Personal bankruptcies trending to new high in 2024, with Ontario leading the wave
2024 bankruptcies and proposals surpassed 100,000 in September, are likely to end year 40,000 above 2021, before rate hikes
Personal bankruptcies and bankruptcy proposals are trending toward 140,000 in 2024, with increases in every province since 2021, the year before dramatic hikes to interest rates.
The wave of bankruptcies is largest in Ontario where personal bankruptcies and proposals are heading to over 50,000 in 2024, up 70 per cent from about 30,000 in 2021.
September’s bankruptcy data was released from the Office of the Superintendent of Bankruptcy released last week.
The OSB reported under 90,000 personal bankruptcies and proposals in 2021, the first full year before the Bank of Canada began hiking interest rates. Bankruptcies and proposals surpassed 100,000 in 2022 and 122,000 in 2023.
The Bank hiked rates 10 times starting March 2022, raising its overnight rate from 0.25 per cent to 5.00 per cent in July 2023. It has since cut rates to 3.75 per cent.
As of the end of September 2024, over 100,000 Canadians had filed their bankruptcy or a bankruptcy proposal.
The outcome highlights the downstream cost of governments unwilling or unable to limit price hikes in fuel, food and rent, which have been major drivers of inflation.
As the last resort to control rising prices, the central bank has dramatically increased interest rates to lower disposable income and cut consumer demand.
Rate hikes put the hardest hit on large borrowers, such as those holding big home mortgages, and likely explains why the largest bankruptcy increases are in Ontario and British Columbia, where housing is expensive and mortgages are huge.
In February 2022, the month before interest rate hikes started, the average selling price of a house peaked at $1,295,000 in BC’s Lower Mainland and $1,335,000 in Ontario’s Greater Toronto Area. Average prices have since fallen in both markets.
Bankruptcy is another channel through which a housing crisis contributes to broader economic malaise by imposing financial loses on lenders and suppliers.
Increases in BC and Ontario come from low per capita rates
Despite the large increase in BC and Ontario bankruptcies, British Columbia continued to have the lowest per capita rate of bankruptcy or proposals while Ontario is fourth from the bottom of the list.
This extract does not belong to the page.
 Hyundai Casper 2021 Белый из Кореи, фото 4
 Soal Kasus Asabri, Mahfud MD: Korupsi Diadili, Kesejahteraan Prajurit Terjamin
In 2024, the highest per capita rates were in Nova Scotia, Newfoundland and Labrador, New Brunswick and Alberta.
Newfoundland and Labrador and New Brunswick have had the lowest increase in bankruptcies since 2021.
The economic centre of those filing bankruptcy due to high borrowing costs appears to quite different than that of those in bankruptcy due to other major reasons, such as personal health crisis, business failure, family dissolution or long-term job loss.